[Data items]
┄┄┄┄┄┄

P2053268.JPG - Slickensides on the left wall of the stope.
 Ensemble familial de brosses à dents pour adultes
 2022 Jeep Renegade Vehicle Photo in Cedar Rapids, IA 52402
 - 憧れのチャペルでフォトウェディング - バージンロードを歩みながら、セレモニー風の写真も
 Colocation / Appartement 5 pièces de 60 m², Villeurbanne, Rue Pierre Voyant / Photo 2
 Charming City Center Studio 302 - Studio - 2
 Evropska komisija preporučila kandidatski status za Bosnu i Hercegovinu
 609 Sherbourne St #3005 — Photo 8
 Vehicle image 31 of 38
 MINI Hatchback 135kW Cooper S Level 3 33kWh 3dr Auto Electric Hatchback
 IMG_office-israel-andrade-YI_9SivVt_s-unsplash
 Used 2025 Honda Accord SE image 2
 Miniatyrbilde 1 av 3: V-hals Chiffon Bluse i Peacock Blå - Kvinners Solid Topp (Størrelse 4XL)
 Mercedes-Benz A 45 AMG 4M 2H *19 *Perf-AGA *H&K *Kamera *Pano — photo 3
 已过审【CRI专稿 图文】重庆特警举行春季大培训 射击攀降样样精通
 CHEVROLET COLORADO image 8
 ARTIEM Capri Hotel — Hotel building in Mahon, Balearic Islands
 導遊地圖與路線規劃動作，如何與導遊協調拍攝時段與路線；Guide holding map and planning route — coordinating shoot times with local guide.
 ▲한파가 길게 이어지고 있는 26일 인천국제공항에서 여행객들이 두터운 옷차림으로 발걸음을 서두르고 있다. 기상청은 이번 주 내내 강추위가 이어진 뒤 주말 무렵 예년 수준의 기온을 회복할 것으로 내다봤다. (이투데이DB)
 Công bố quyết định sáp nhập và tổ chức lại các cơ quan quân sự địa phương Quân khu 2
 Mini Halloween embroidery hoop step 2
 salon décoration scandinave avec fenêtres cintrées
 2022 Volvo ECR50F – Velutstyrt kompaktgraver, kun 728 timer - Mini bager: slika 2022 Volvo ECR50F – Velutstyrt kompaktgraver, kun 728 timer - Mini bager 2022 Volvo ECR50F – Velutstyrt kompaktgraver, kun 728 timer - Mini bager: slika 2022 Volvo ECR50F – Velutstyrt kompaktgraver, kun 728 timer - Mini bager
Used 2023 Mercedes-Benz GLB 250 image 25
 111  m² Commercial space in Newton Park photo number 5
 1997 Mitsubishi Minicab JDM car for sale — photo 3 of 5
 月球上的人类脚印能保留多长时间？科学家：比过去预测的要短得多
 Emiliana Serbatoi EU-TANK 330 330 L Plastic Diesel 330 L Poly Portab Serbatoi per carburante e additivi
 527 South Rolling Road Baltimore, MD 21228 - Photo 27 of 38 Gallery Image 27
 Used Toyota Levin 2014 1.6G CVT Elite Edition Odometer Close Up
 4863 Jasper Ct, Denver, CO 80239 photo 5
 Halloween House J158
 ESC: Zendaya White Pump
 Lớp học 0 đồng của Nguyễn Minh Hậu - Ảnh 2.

┄┄┄┄┄┄

▸ **Exercise instructions**: Give the count of lines in the records that contain "Halloween", and no other text.

▸ **Answer below**: 2